See the fresh pressed suit and button hole and radiant smiles that unwittingly cover unresolved views and bunker a conflagration for later days.
 
But for the now there is peace and joy and happiness overwhelms.
 
 And hard by the next are threadbare, worn. Is this pair that strode to the Bank outwardly confident and business-like, that had such clear vision of what might be.
 
House documents are in hand. They will be put on the line, mortgaged to buy a scow to run coastwise. It is depression time when to have one coin is a fortune, two is untold wealth. Soon these boots will stand continuous days and nights working on stopped engines.
 
Disaster, total financial diaster is imminent. Then at the darkest hour, the midnight of gloom, a sooty chortle of diesel shatters the quiet and all is saved, the house is saved.
 
Then years pass to wartime and bring cargoes of sand for glass; a post war boom and an economy shining with unexpected brilliance and newly shone the boots then march into the board room chair and at Lodge they look up to their new Grand Master.
 
But a softer set lie alongside.

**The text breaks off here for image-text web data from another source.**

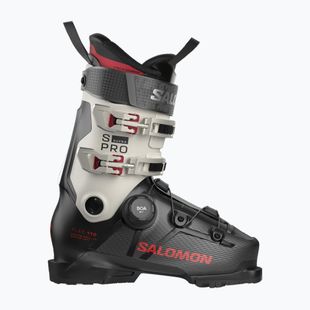 Чоботи лижні чоловічі Salomon S/PRO Supra S Boa 110 black/gray aurora/samba met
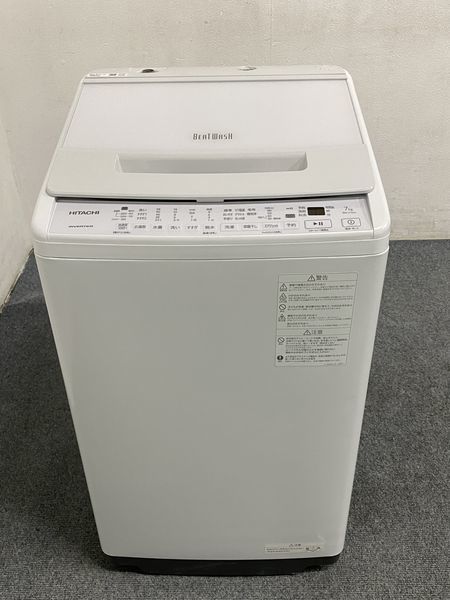 高年式!2022年製! HITACHI/日立 全自動洗濯機 ビートウォッシュ 7.0kg おしゃれ着 ほぐし脱水 BW-V70H 中古家電 店頭引取歓迎 R7928_画像8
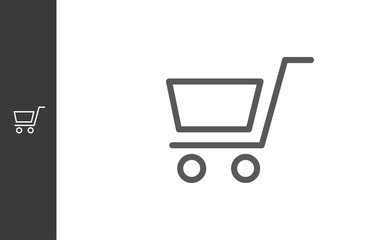 Vector Shopping Cart, online commerce symbol. Internet buy pictogram.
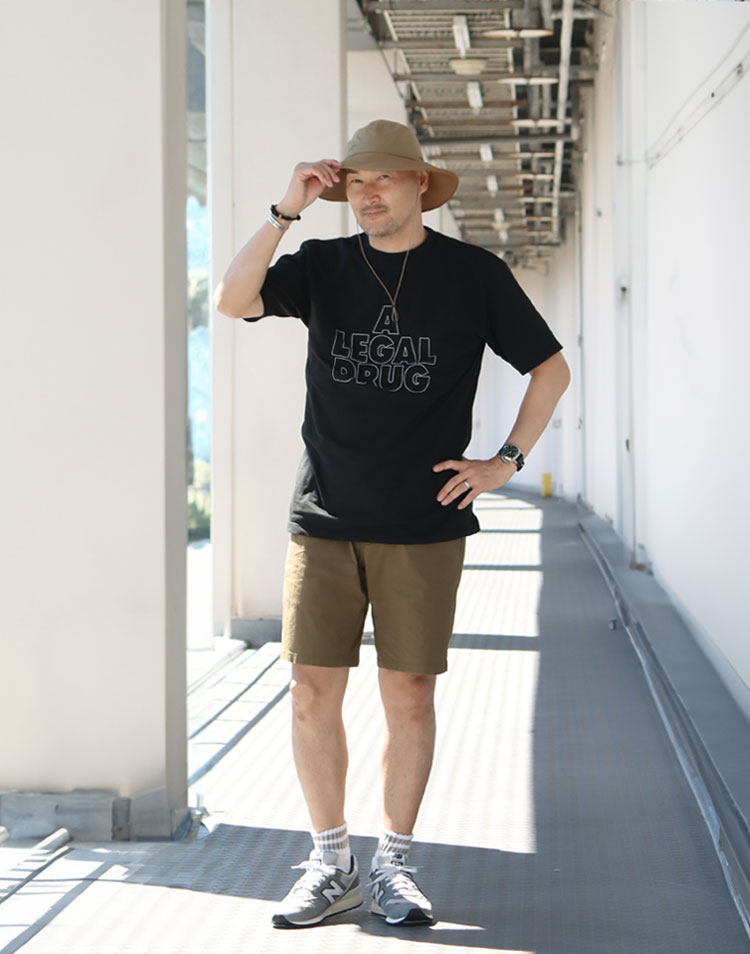 FUNG/ベーシックTシャツを使ったコーディネート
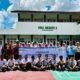 Foto bersama PLN Unit Layanan Pelanggan (ULP) Padangsidimpuan Kota bersama guru dan pelajar SMA Negeri 2 Padangsidimpuan dalam kegiatan sosialisasi transformasi layanan PLN.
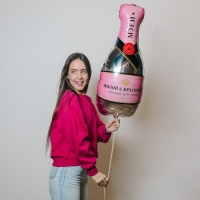 Воздушный шар фольгированный 36" «Шампанское», без подложки Воздушный шар фольгированный 36" «Шампанское», без подложки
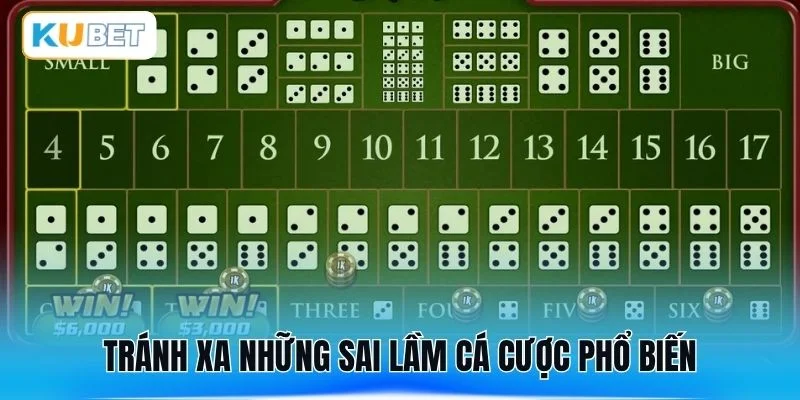 Tránh xa những sai lầm cá cược phổ biến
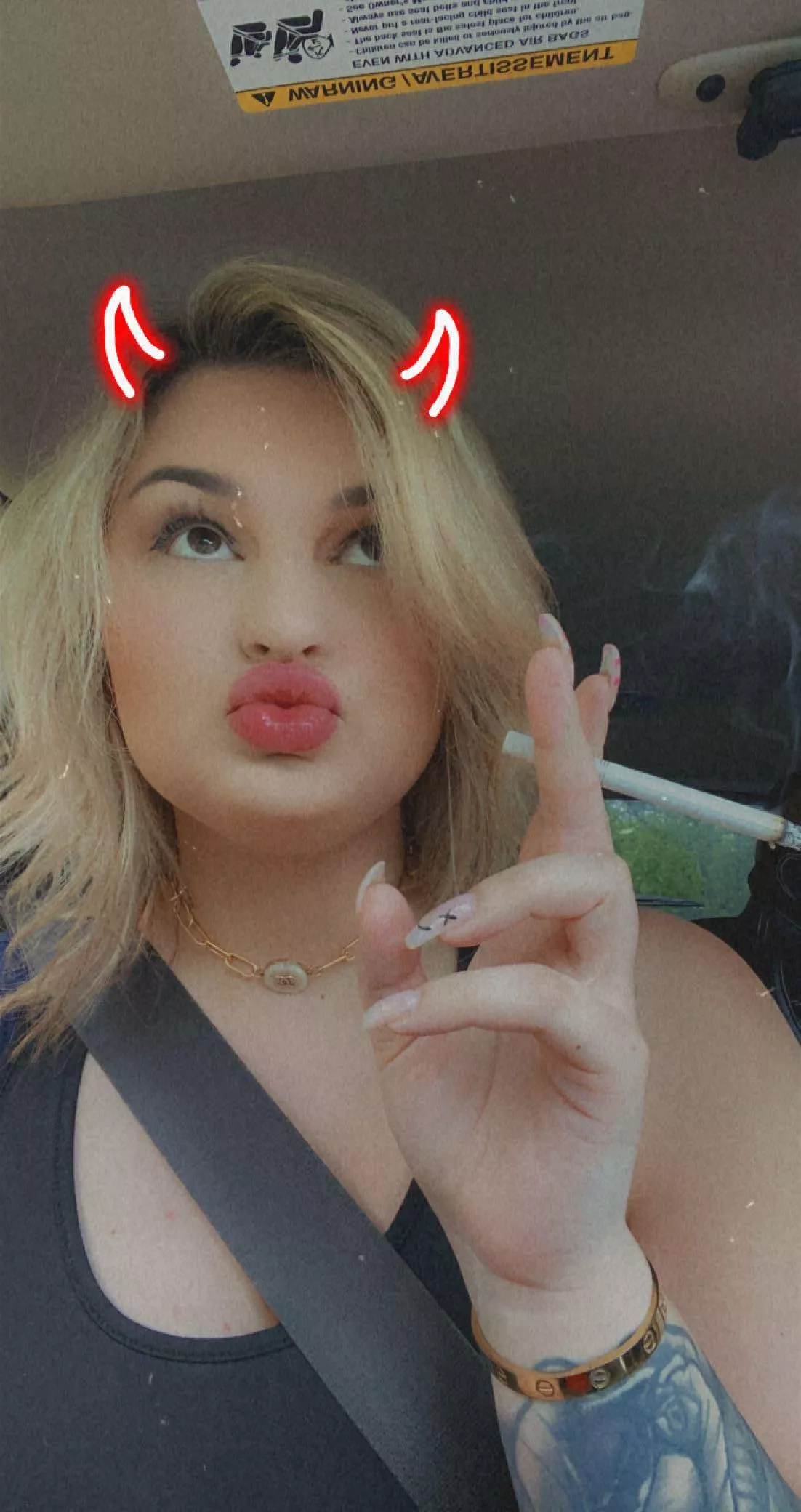 i have a devil side to me but i can be an angel too 😇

These are the ones the elderly, the widows saw as they received this and that for their table, that various in dire straights saw, that offered help, hospitality to the desperate and saw such things that few knew and fewer spoke.
 
And a change further on. Here lie the heavy and serviceable, battle scarred from many a night encounter.
 
Even now they jump to the fire siren and instantly expect the warmth of sleepy feet. Their service started long ago when fire water had to be pumped from the nearest stream with a recalcitrant steam pump.
 
The engineer alone could make it work and thenceforth this volunteer service had a new recruit. Later the steam pumps were obviated by proper water supplies, fire engines became reliable in bright painted red, but the service was dedicated and ultimately Deputy Chief was written with pride about those boots. But now the shelf recurves to the wall, one last pair sit unworn.
 
A flower adorns, a tribute of the crowds whose praise noised around. It lasted a while and then quieted in the hum of new life. Who now remembers this row of old boots on an unknown shelf?
Tomorrow we'll give them to the Sallies.